My biggest success is having people tell me they feel genuinely moved or inspired by my music, because that’s seriously what it is all about. I know how much different artists have evolved, changed, and saved my life, and it is the best thing in the world when my art can have that affect on someone else.
Who should we keep our eye on in the upcoming Brisbane music scene?
She hasn’t released anything just yet, but a friend of mine, Danika Paprika, will make waves eventually and I am here to say I called it before she blows up! Nicole McKinney is also an incredible up-and-coming female artist and my bestie Sammm. has changed my life with his songs, so check them out too.

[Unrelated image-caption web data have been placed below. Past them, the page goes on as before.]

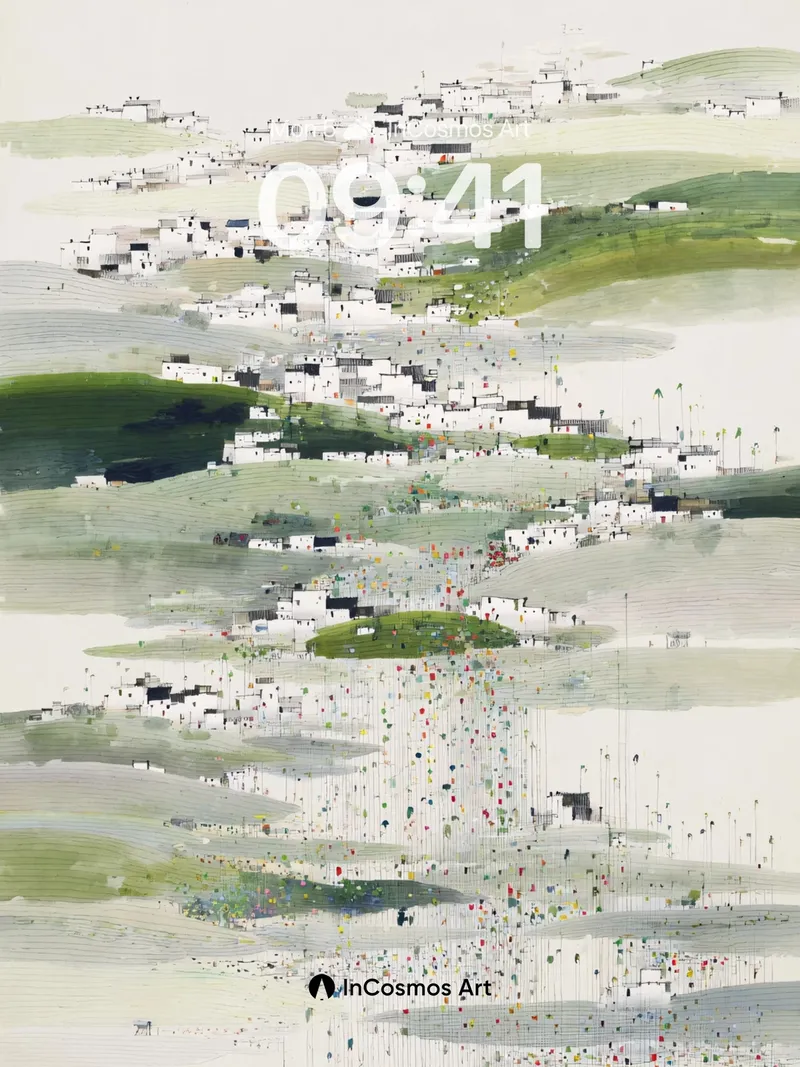 Serene Village Landscape Wallpaper with Subtle Details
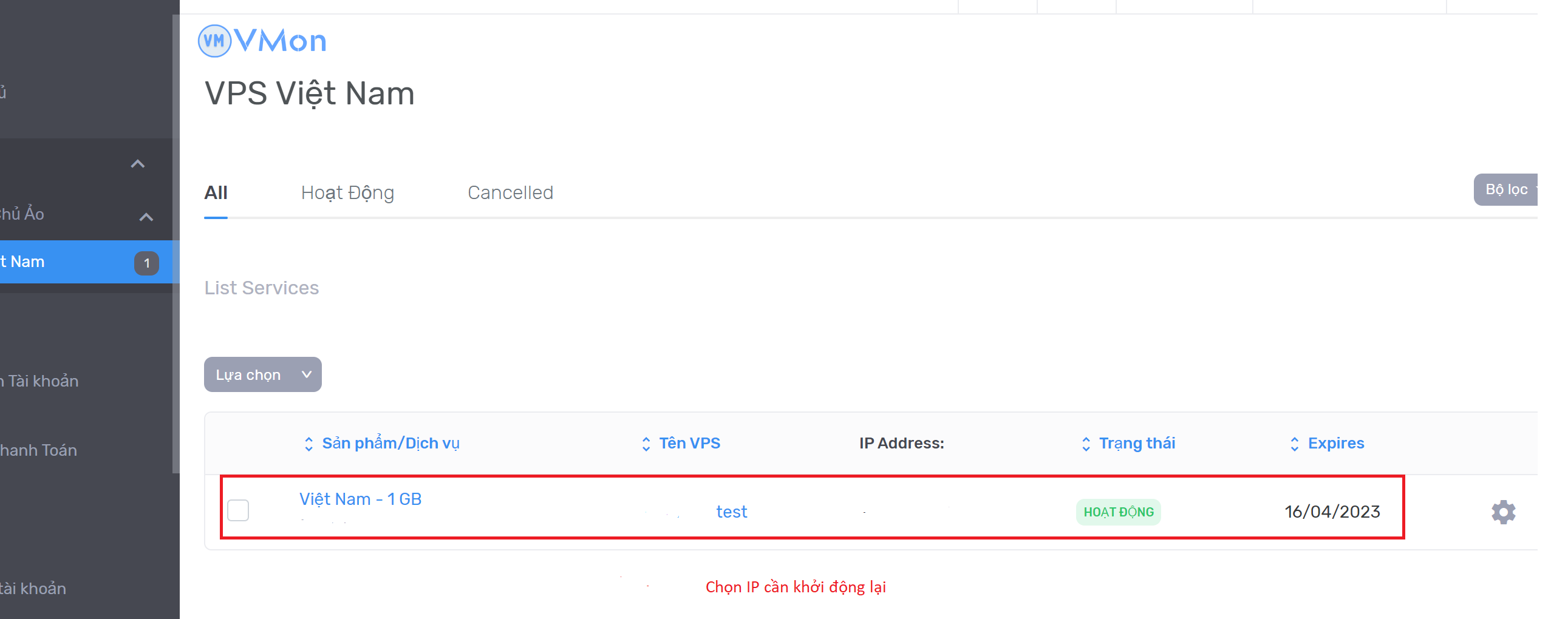 Ảnh 1 - Chọn IP cần khởi động lại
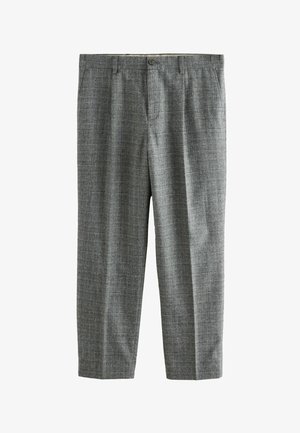 Szürke kockás nadrág, egyenes szabással, sima elülső résszel, egy gombos záródással és könnyű szövettextúrával.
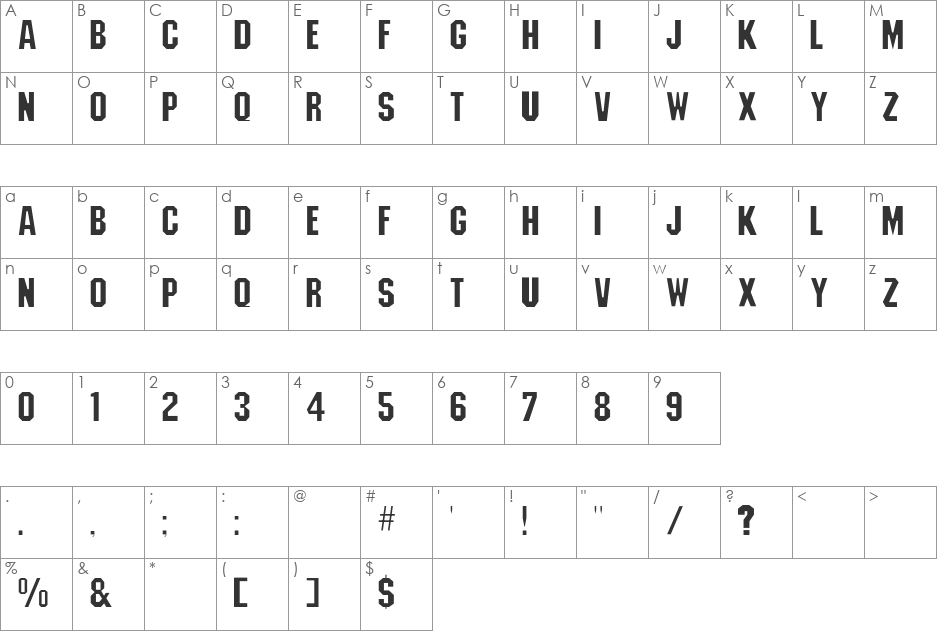 Machiavelli-Lig font character map preview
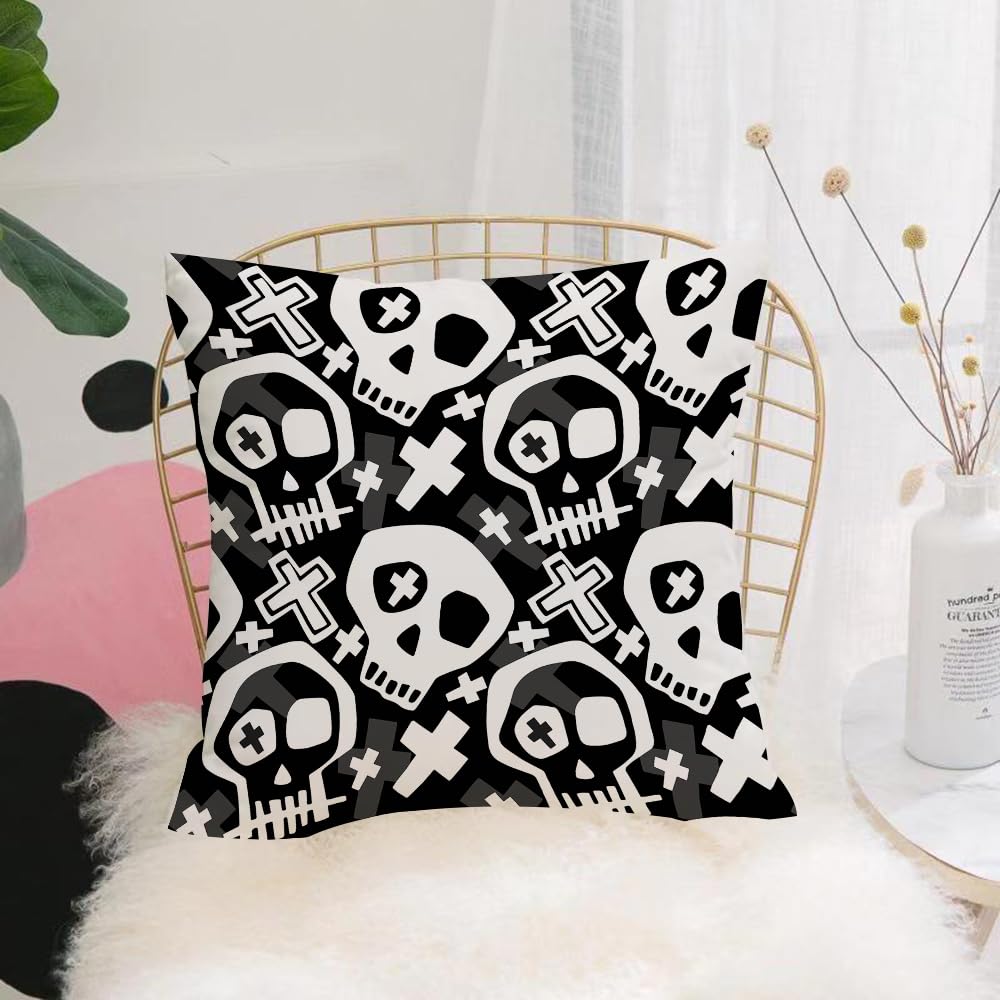 Hyosxw Skull Modern Print.seamless Graffiti Style P - A6 Cushion Cover,Throw Pillow Case Home Decorative For Living Room Bedroom Sofa Chair 18X18 Inch,Skull Modern Print.seamless Graffiti Style Painting Halloween,Pillowcase 45X45cm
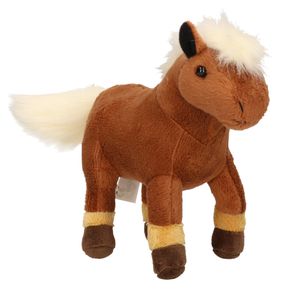 Pluche bruine paarden knuffel 26 cm speelgoed   -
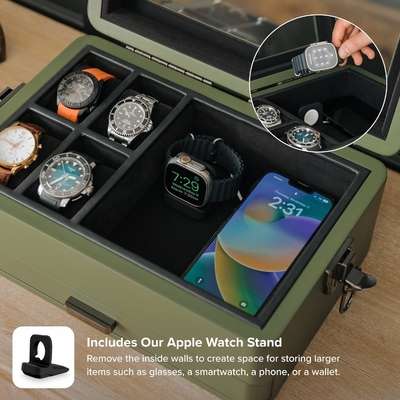KASE ELEGANCE Militer 10 Slot Watch Box Case Organizer untuk Pria, Top Kaca Asli, Modular Valet Tray,
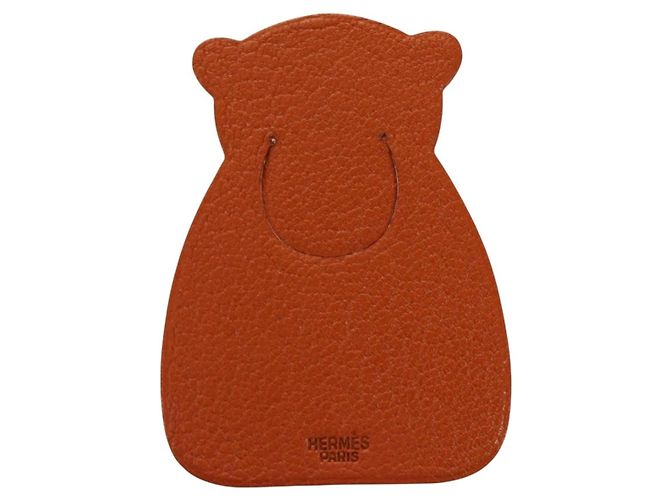 Hermès HERMES Marque-page Pika Book en cuir marron Auth 184760M - vue 3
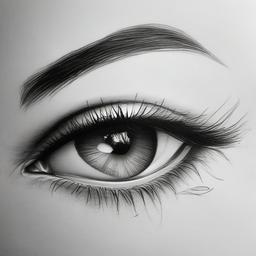 pencil sketch of an eye  minimal rough sketch scribbles,doodles,black and white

Why is it important to have a music video attached to a song?
It brings the song to a whole other dimension of experience which is just super magical! It can draw out things you didn’t even notice about lyrics or the meaning of the song, but it can also be interpreted by the viewer in their own unique way. I had someone tell me what they had always thought one of my songs and videos was about and it was completely different to what it meant to me. It’s just a whole other powerful way of connecting your song to the audience.
Talk us through the process of creating a music video and getting it to reflect the vision you had for the song?
It was a lot of me listening to the song on repeat on the bus to work and envisioning the music video in my head. Then once the idea formed more and became clearer, I would sit and take notes of each scene with timestamps to the song. Then I would refine my notes, hand them to Phoebe Faye (Director) and Johnathon Oldham (Cinematographer/Editor) and they would further refine them with proper treatment and shot list.
We spent a lot of time doing pre-production planning so we could make sure that on set, everything we were doing was extremely clear and easy. The team I had working with me is what really brought this vision to life. Everyone was so good at their assigned task, I trusted them and they were very encouraging in getting me to perform the best I could. We all flowed really well together to make some magic!
CD or vinyl? Vinyl
Ultimate artist fashion muse? Mazzy Star
Planned gigs or improv sessions? Planned
Favourite song (by you)? In This Time (not released yet)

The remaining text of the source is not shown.